START Record set

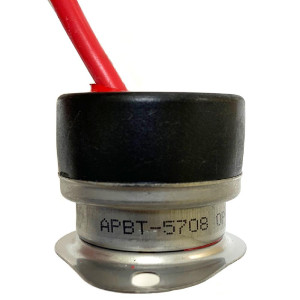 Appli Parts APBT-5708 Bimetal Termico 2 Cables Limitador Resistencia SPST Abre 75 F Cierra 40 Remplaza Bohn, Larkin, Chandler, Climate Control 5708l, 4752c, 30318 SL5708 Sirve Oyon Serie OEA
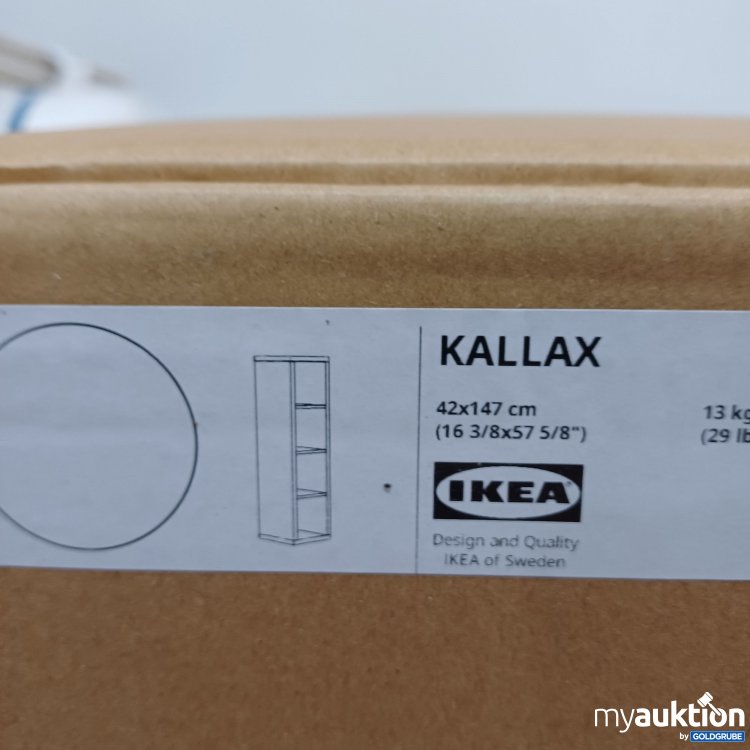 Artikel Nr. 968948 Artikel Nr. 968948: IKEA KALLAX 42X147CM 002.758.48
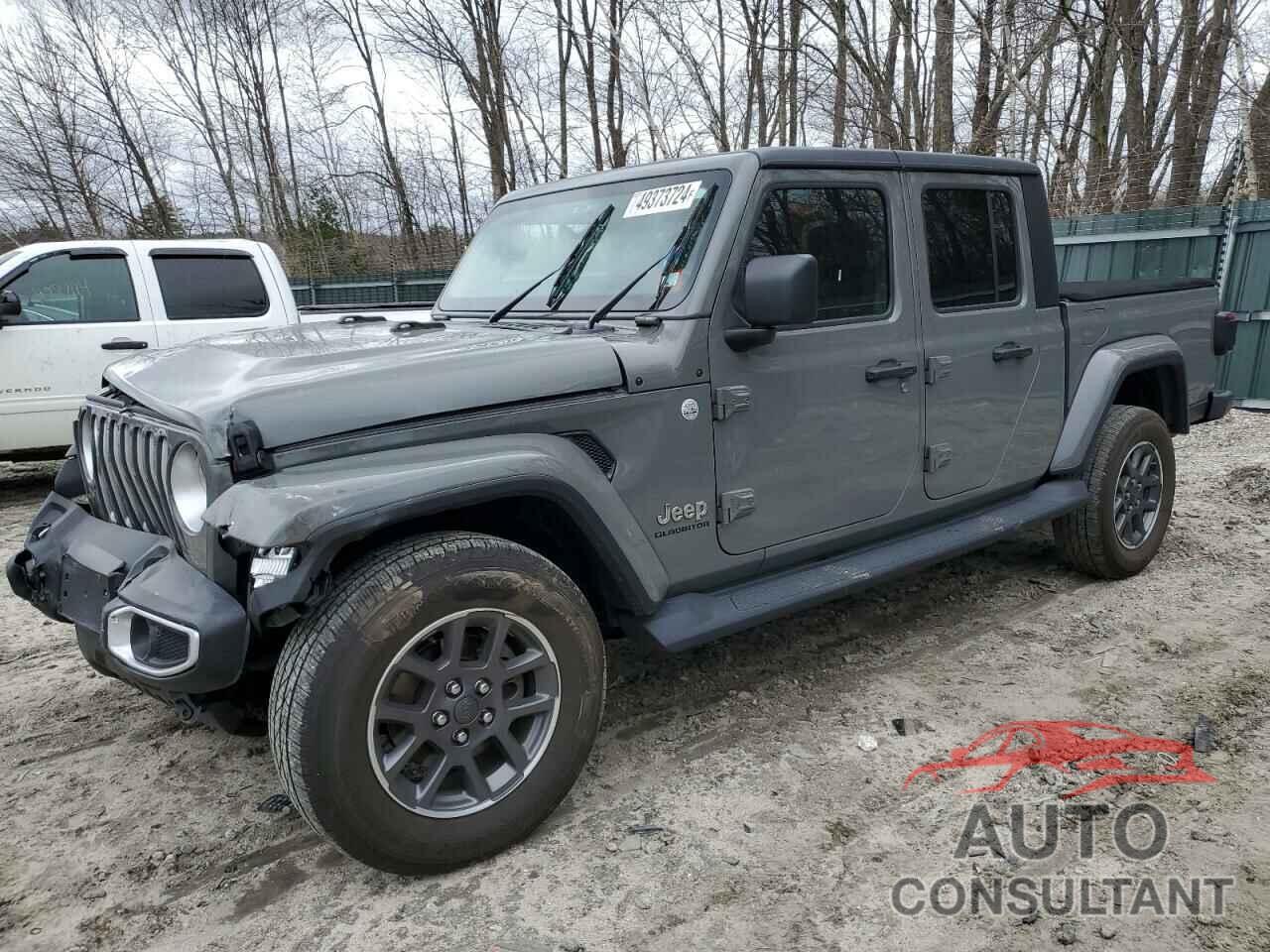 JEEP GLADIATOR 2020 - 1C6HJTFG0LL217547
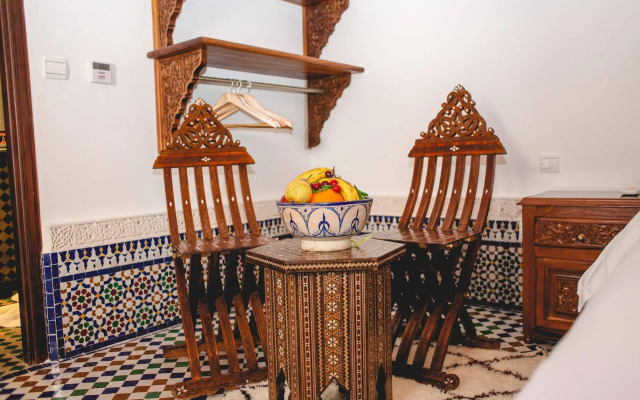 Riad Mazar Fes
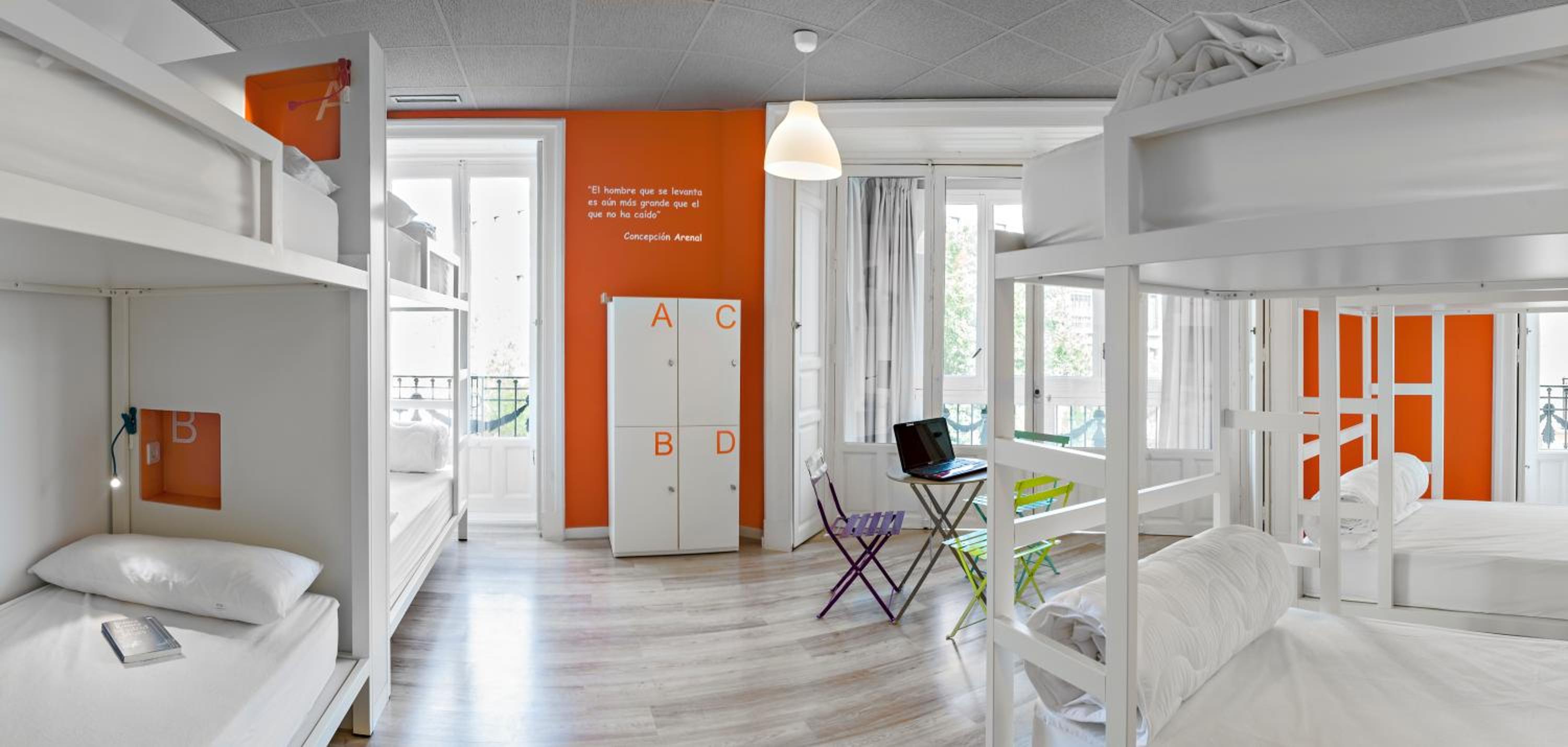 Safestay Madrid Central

END Record set
START Record set

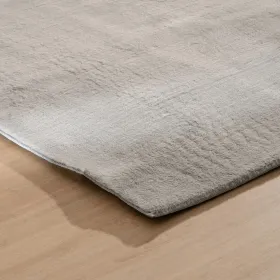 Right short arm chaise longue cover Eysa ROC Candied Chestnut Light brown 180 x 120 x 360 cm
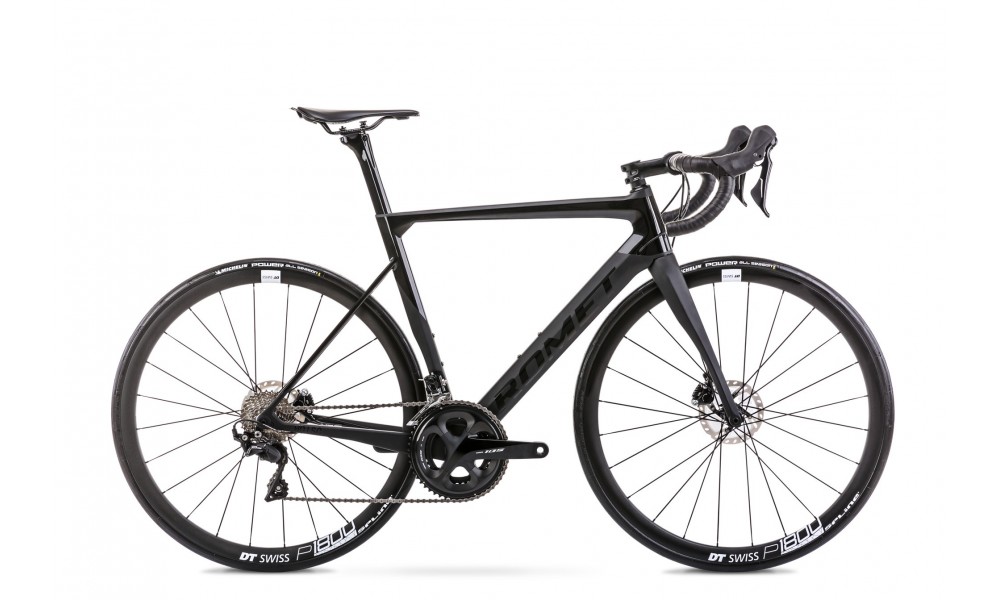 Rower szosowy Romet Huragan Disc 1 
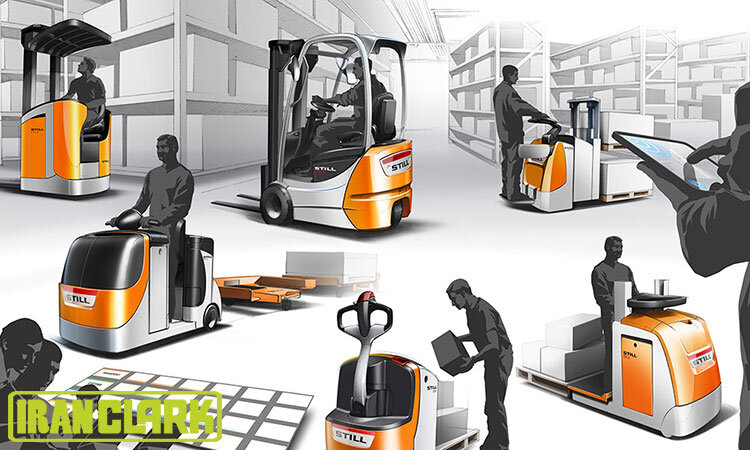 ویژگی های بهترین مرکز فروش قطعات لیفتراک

END Record set

▸ **To do**
Reproduce exactly the lines of the data above that run from the line with "Appli Parts APBT-5708" down to the line with "Safestay Madrid Central", both ends included. Pictures do not belong in the copy.

▸ **Completed exercise**
 Appli Parts APBT-5708 Bimetal Termico 2 Cables Limitador Resistencia SPST Abre 75 F Cierra 40 Remplaza Bohn, Larkin, Chandler, Climate Control 5708l, 4752c, 30318 SL5708 Sirve Oyon Serie OEA
 Artikel Nr. 968948 Artikel Nr. 968948: IKEA KALLAX 42X147CM 002.758.48
 JEEP GLADIATOR 2020 - 1C6HJTFG0LL217547
 Riad Mazar Fes
 Safestay Madrid Central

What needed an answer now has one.